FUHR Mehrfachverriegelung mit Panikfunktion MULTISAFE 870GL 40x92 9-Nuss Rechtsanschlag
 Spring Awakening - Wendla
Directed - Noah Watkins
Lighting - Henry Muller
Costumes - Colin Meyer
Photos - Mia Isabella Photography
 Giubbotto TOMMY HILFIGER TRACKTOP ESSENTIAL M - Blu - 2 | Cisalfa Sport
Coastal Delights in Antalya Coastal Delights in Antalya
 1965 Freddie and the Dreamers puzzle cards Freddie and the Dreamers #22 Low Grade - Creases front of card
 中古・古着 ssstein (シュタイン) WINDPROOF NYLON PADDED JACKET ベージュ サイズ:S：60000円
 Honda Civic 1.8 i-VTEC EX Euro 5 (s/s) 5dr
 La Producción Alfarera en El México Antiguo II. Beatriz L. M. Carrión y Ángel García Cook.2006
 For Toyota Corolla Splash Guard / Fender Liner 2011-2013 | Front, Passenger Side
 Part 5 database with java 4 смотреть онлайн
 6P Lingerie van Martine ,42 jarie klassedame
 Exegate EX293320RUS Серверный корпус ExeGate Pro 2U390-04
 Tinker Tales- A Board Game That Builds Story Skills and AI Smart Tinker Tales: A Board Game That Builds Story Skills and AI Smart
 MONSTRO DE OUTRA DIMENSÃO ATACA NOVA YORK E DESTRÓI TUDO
○ ○ ○ ○ ○
- **WHAT YOU SHOULD DO**:
Only the lines from the one containing "Exegate EX293320RUS Серверный" through the last line of the material belong in your answer; output them exactly.

- **TASK RESULT**:
 Exegate EX293320RUS Серверный корпус ExeGate Pro 2U390-04
 Tinker Tales- A Board Game That Builds Story Skills and AI Smart Tinker Tales: A Board Game That Builds Story Skills and AI Smart
 MONSTRO DE OUTRA DIMENSÃO ATACA NOVA YORK E DESTRÓI TUDO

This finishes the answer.